EXCERPTED RECORDS:
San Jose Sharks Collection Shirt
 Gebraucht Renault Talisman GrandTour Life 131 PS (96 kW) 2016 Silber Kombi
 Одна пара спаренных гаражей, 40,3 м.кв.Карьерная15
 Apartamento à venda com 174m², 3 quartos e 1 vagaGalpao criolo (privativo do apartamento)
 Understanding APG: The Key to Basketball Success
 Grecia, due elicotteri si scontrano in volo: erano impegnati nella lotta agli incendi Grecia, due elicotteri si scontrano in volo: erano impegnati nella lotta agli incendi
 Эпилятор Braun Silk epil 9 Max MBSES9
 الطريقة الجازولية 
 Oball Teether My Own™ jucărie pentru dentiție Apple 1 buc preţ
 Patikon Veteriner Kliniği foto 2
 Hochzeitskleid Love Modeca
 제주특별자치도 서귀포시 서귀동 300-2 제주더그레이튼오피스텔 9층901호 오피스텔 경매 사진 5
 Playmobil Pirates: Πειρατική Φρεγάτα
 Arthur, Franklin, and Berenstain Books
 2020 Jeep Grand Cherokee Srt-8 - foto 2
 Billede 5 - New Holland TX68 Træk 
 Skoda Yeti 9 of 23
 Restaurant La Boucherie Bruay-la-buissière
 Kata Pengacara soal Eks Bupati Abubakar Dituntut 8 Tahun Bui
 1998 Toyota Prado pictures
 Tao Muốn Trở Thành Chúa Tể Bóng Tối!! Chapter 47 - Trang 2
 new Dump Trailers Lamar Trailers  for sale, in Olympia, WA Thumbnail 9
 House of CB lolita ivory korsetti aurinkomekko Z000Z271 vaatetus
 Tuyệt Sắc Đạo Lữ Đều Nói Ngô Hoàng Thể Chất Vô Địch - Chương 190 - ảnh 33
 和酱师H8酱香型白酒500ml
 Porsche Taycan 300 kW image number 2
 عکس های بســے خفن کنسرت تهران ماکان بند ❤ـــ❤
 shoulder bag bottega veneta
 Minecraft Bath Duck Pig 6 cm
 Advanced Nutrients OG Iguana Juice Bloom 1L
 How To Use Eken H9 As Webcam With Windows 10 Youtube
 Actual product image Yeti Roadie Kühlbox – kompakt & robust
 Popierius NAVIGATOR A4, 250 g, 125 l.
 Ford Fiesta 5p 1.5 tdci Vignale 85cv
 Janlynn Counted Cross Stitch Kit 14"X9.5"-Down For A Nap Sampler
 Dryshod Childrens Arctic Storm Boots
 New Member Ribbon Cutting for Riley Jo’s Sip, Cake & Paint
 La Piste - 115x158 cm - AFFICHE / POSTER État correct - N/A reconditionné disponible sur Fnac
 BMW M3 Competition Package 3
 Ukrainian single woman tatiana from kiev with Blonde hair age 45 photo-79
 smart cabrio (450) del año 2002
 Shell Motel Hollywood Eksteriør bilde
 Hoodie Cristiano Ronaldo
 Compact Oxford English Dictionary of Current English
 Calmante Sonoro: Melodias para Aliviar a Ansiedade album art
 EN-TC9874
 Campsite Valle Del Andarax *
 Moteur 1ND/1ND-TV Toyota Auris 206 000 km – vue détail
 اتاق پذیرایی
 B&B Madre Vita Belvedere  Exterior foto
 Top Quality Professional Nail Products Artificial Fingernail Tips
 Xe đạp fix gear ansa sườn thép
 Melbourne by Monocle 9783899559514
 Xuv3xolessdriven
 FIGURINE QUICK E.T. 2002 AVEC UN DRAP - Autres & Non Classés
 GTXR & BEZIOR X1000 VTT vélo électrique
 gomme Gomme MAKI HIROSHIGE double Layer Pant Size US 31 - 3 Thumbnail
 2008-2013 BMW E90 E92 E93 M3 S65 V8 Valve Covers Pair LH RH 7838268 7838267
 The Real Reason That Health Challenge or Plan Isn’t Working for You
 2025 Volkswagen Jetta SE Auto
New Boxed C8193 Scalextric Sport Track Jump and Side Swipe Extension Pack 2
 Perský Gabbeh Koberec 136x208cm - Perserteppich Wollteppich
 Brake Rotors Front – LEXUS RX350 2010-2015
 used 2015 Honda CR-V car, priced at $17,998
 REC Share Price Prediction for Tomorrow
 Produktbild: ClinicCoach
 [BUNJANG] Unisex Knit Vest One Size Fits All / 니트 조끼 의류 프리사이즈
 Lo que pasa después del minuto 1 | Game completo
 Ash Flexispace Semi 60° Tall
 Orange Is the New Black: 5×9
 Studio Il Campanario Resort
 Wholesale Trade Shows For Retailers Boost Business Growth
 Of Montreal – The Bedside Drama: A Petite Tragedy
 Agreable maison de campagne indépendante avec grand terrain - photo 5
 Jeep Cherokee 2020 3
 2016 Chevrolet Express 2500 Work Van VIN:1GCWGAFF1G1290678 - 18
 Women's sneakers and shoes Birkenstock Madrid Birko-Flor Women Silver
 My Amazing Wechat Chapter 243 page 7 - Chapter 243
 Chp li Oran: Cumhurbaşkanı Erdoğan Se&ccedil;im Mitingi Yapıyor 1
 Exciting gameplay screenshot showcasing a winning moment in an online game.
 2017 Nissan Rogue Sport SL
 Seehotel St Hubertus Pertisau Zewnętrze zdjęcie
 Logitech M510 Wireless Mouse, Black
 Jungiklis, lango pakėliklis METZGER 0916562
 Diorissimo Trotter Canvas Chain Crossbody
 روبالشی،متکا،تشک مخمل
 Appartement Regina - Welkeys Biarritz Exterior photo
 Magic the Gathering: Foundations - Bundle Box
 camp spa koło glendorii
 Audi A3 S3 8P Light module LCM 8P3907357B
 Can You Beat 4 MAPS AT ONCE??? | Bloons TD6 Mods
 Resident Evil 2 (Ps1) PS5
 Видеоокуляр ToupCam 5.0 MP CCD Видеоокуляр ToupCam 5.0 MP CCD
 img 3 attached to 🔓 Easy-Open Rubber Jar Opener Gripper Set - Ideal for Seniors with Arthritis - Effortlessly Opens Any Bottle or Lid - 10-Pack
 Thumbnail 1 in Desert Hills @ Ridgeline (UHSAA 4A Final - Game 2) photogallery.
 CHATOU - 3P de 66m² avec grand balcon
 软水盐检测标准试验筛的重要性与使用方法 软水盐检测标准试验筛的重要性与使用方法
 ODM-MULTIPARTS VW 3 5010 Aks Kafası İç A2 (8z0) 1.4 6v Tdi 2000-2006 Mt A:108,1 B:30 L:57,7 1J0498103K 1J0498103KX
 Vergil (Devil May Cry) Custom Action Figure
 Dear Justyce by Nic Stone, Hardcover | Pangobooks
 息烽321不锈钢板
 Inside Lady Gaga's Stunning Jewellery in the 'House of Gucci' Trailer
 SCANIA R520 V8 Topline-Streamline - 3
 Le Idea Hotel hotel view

DESCRIPTION OF THE TASK:
Set out, exactly as written, the lines from the line with "img 3 attached" to the last line of the records, inclusive, and only those lines.

ANSWER FOR THIS EXERCISE:
 img 3 attached to 🔓 Easy-Open Rubber Jar Opener Gripper Set - Ideal for Seniors with Arthritis - Effortlessly Opens Any Bottle or Lid - 10-Pack
 Thumbnail 1 in Desert Hills @ Ridgeline (UHSAA 4A Final - Game 2) photogallery.
 CHATOU - 3P de 66m² avec grand balcon
 软水盐检测标准试验筛的重要性与使用方法 软水盐检测标准试验筛的重要性与使用方法
 ODM-MULTIPARTS VW 3 5010 Aks Kafası İç A2 (8z0) 1.4 6v Tdi 2000-2006 Mt A:108,1 B:30 L:57,7 1J0498103K 1J0498103KX
 Vergil (Devil May Cry) Custom Action Figure
 Dear Justyce by Nic Stone, Hardcover | Pangobooks
 息烽321不锈钢板
 Inside Lady Gaga's Stunning Jewellery in the 'House of Gucci' Trailer
 SCANIA R520 V8 Topline-Streamline - 3
 Le Idea Hotel hotel view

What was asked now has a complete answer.